Nous avons en cette parabole le drame de « l’amour qui n’est pas aimé« , – selon l’expression bien connue de Saint François d’Assise. Oui, Dieu est Amour et il n’est pas aimé… du moins pas suffisamment, ni par les autres ni par nous-mêmes. Imaginons ce qui peut résonner dans le cœur de notre Père des cieux. Ce drame frappe tant de nos proches et nous atteint parfois nous-mêmes : L’époux qui n’est pas aimé par son épouse ou inversement ; les parents qui aiment leurs enfants et qui ne rencontre qu’ingratitude ; les situations de durcissement du cœur qui ferment au pardon etc …
À y regarder de près, la seconde lecture de ce 4ème dimanche de carême est comme un cri de supplication qui fait écho à cette parabole. L’apôtre Paul s’adresse non seulement aux Corinthiens mais aussi à chacun d’entre nous : « Laissez-vous réconcilier avec Dieu ». Le mot de réconciliation est cité, sous une forme ou sous une autre, cinq fois en trois versets. Cinq : c’est aussi le nombre des vénérables plaies du Christ en Croix. C’est comme si Jésus nous implorait : « Reviens ; laisse-moi te réconcilier avec moi ; je veux te sauver et te ressusciter. Si tu ne le fais pas, chacun de tes refus me crucifiera bien davantage que chacun de tes péchés. Je t’attends pour te combler de ma tendresse et de mon infinie miséricorde ; je t’en supplie : viens ! »
Laissons résonner en nous cette merveilleuse parabole. Ouvrons les portes de notre cœur à cette exhortation à la réconciliation.
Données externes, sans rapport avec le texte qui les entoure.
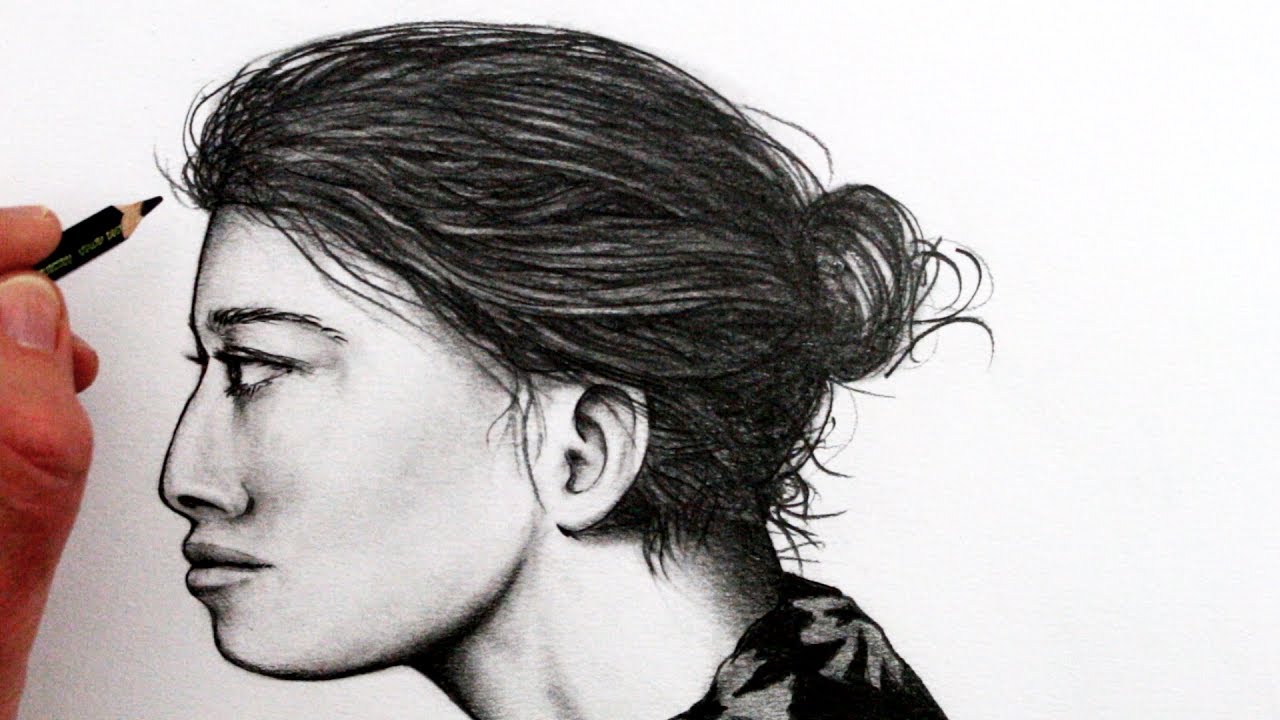 1280x720 How To Draw A Female Face In Profile Narrated - Face Profile Drawing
Notre drame serait, en cette année de la Miséricorde, de parvenir à Pâques sans nous être laissé réconcilier … ou, comme on dit plus couramment, sans avoir fait une bonne confession. Notons donc bien, dès à présent, la date du lundi 21 mars qui sera ici, en notre paroisse Notre-Dame de Nazareth, la journée du pardon.